Quería hablar de los vínculos, de mi identidad, de ser marica.  De cumplir el deseo de mi hermana, y explorar qué significa realmente tener un deseo. Aparte, juego con esta idea de que “soy un idiota”: representa un poco esa actitud de tener tantas expectativas sobre algo que tiene que suceder, como el simple hecho de querer estar en escena y quedarse esperando. Ese concepto lo pensé un poco por la película Los Idiotas, como una reacción ante la discapacidad o el miedo a lo diferente…  Se siente mucho esa presión de “lo que hoy hay que hacer” o “lo que se supone que debería estar haciendo”. Por otro lado, mi hermano es fanático de Cris Morena, así que tomamos algo de esa estética. Capaz lo escuchás y te sorprende la mezcla, pero hay algo ahí que funciona. Está buena la bajada porque el mensaje termina siendo positivo, vital; no es una obra oscura que te está diciendo “matemos a los jubilados”, sino que tiene mucha luz.

—Contame un poco de tus inicios, porque venís del movimiento…

—Sí, vengo de la danza. Me defino como un actor devenido en bailarín. Estuve varios años trabajando con grupos de intervención de movimiento, lo último que hicimos fue Los Herederos. Aparte, tengo recuerdos muy locos de mis inicios: en los noventa, en Necochea, ¡llegaron a hacer un casting para una película de Hollywood! Yo bailaba en una murga y ya sabía que quería ser actor.

Estudiaba teatro desde los 13 años, aunque en esa época era re tímido. Cuando empezó todo esto, me di cuenta de que mi camino era la actuación y me quedé ahí. Después me vine a estudiar a Buenos Aires, a lo que antes era el IUNA (hoy UNA), y con el tiempo se armó el Grupo Mínimo. Venimos trabajando juntos desde hace un montón, explorando todas estas inquietudes.

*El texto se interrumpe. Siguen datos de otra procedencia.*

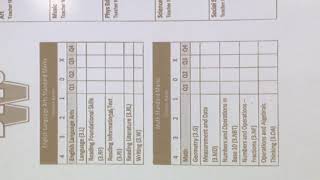 Standard Based Report Cards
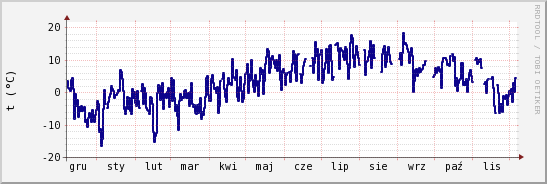 wykres przebiegu zmian temp. punktu rosy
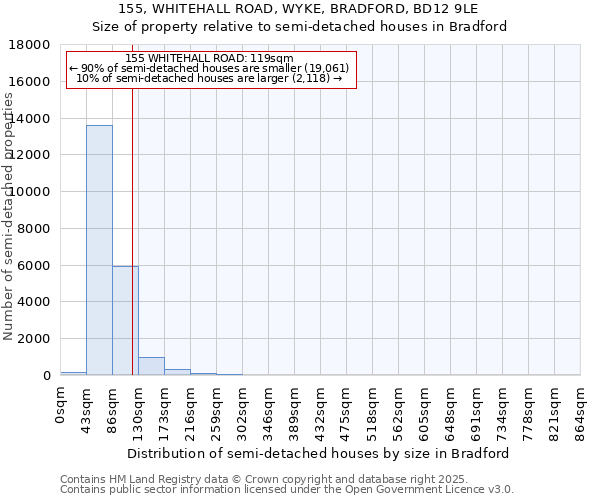 155, WHITEHALL ROAD, WYKE, BRADFORD, BD12 9LE: Size of property relative to semi-detached houses houses in Bradford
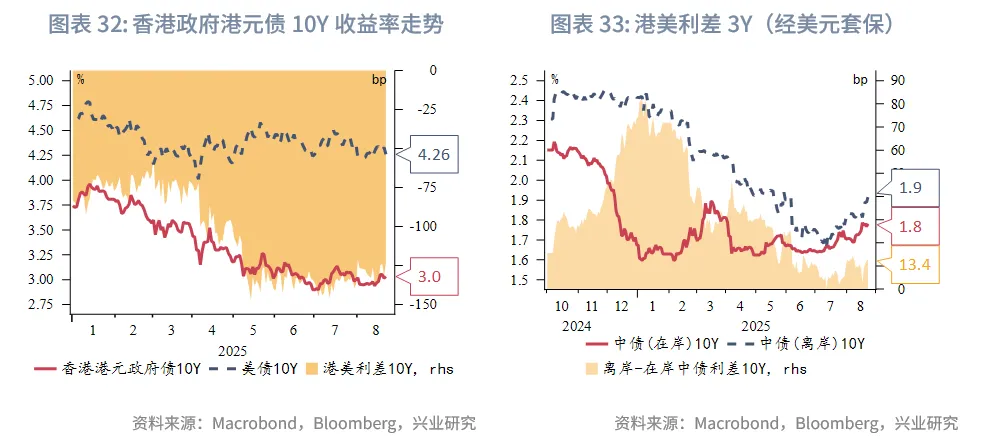 東南亞研究丨關注下週大額離岸央票發行——香港金融市場週報（20250818-0822）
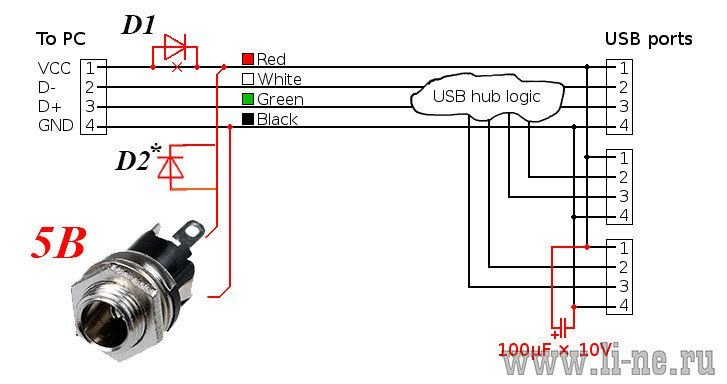 Схема usb кабеля с дополнительным питанием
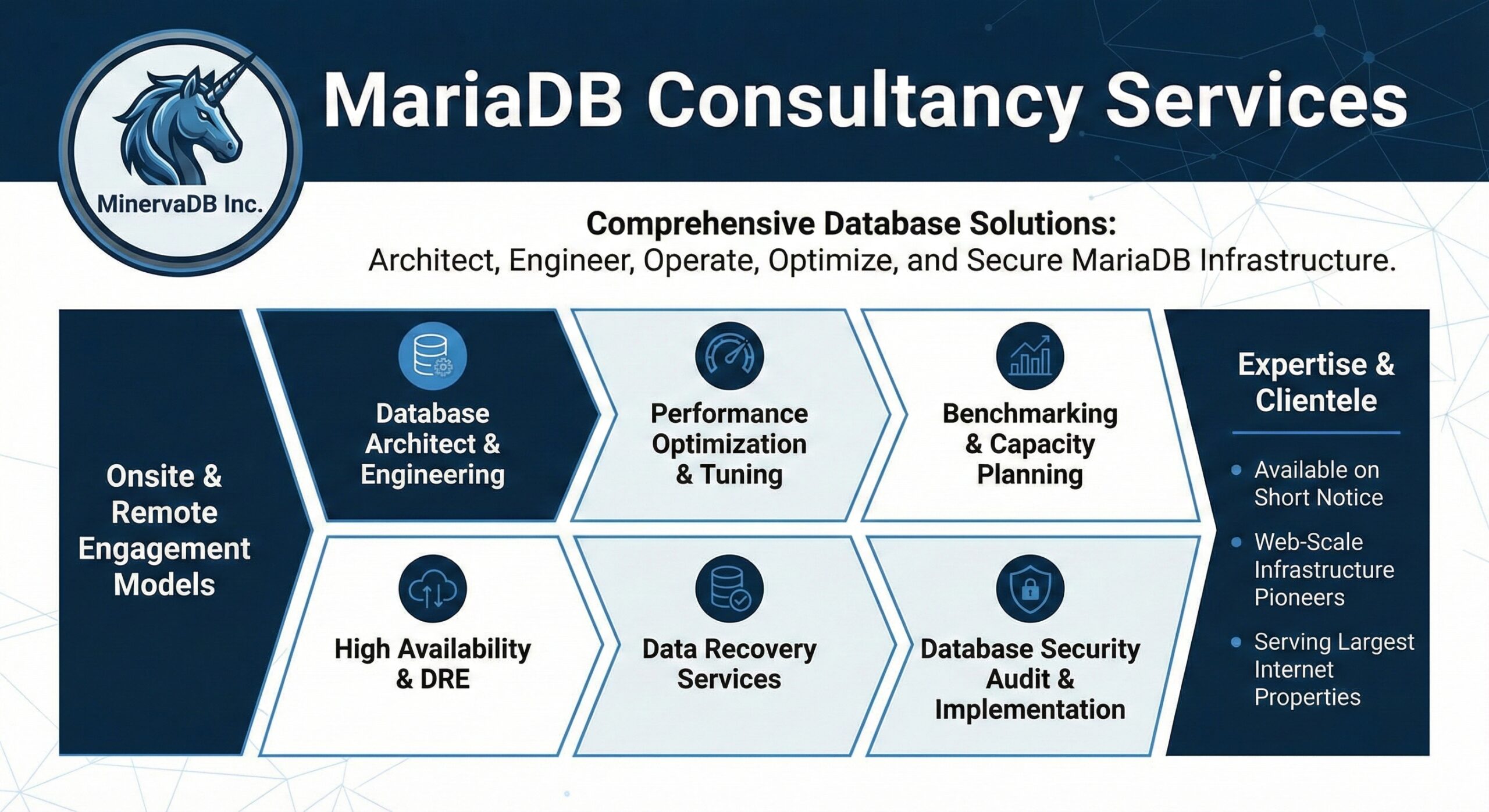 MariaDB Consulting
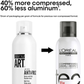 L´oreal Tecni Art sprej proti krepastim naelektrenim lasem -  Fix anti frizz 250ml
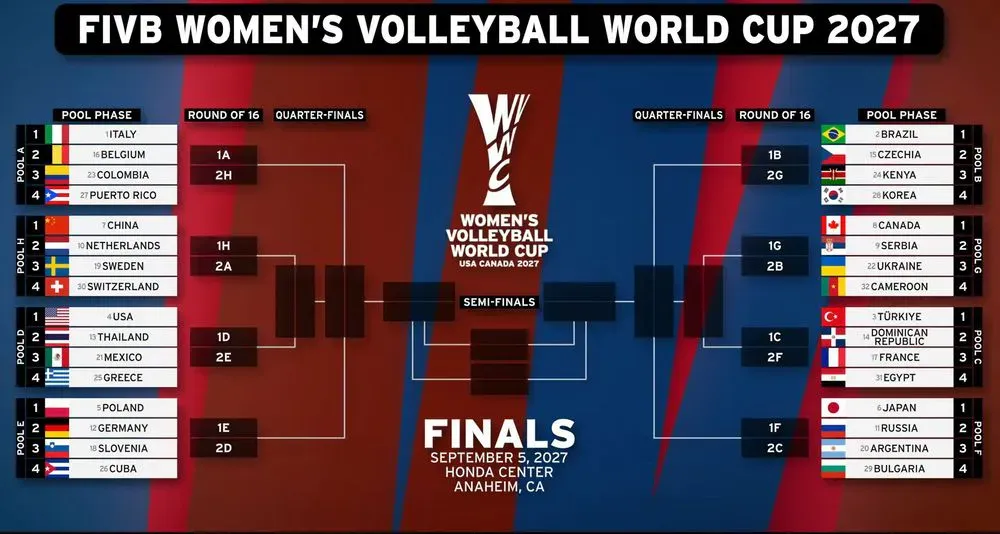 Drabinka Mistrzostw Świata siatkarek 2027 i wyniki losowania fazy grupowej! (Fot.: FIVB via VolleyballWorld.com)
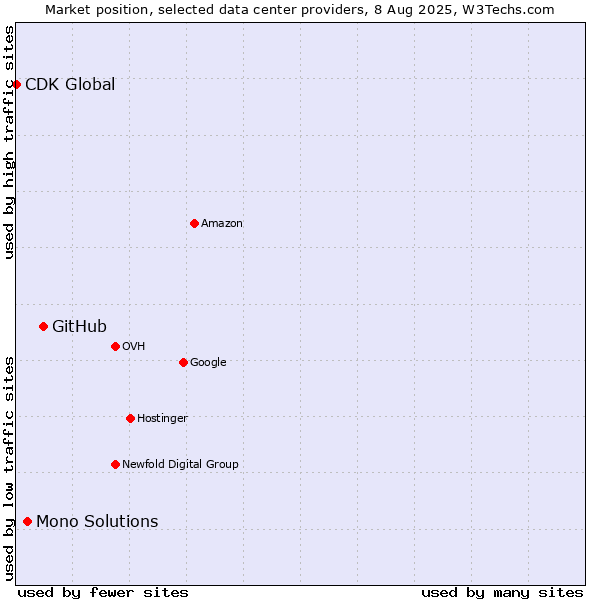 Market position of GitHub vs. Mono Solutions vs. CDK Global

—¿Cuáles fueron los principales desafíos de esta obra?

—El principal: producir mi propia obra. Pedimos financiamiento y no salió, pero decidimos hacerla igual. En esto fue clave el grupo que está atrás; todos se pusieron la camiseta y se comprometieron con la causa. Trabajamos en formato de cooperativa. Es loco, porque hay un espíritu muy grupal en una obra que nace desde un lugar tan individual. Se me dio por convocar a gente que pudiera entender y acercarse a este universo tan particular. Compartimos un mundo muy parecido: gracioso, un poco comedia, pero a la vez muy profundo. Sentí que era la gente indicada para entender esta “dinámica de pueblo”. Desde lo estético queríamos darle un vuelo muy de película y de obra de danza. Para eso el trabajo de Lorena fue clave, es una artista multifacética que piensa en esos cruces. Logramos algo muy kitsch, pero que a la vez es lindo y bizarro.

—¿Sos un director de estar muy encima de todos los detalles? —Es mi obra más personal, así que sí, estoy en los detalles, pero las grandes decisiones las tomábamos entre los tres. Por ejemplo, hay un personaje hermoso que surgió de la nada: arranca en el hall de entrada, muy arreglada, con perlas, y termina siendo una acomodadora que en realidad quiere actuar. Me parecía genial armar ese mundo de los que rodean al teatro.

Jugar con esa ambigüedad, con el vacío. Valorar al técnico de la sala cuando todo colapsa y la función no arranca. Pasa mucho en esta profesión: a veces estás actuando en el Paseo La Plaza, tenés dos funciones seguidas y en el medio te preguntás “¿qué estamos haciendo?”, “¿por qué hacemos esto?”. Por eso me gustaba que hubiera algo muy “vivo” en escena, con el riesgo de lo presente. Es como la idea de que aparezcan los abuelos en escena, o esos videos de patos que te mandan las personas mayores. Es traer la vida misma.

—¿Y ahora cómo siguen?

—Seguimos con funciones en junio. Después la idea es salir de gira: Necochea, Chivilcoy, y tenemos muchas ganas de hacerla en el exterior. Acá en Argentina hay mucho deseo, hay una verdadera “cultura del hacer” en el teatro independiente. A veces te vas a Europa, te dan un workshop increíble, pero nosotros acá tenemos el motor de la grupalidad y las ganas de producir contra viento y marea.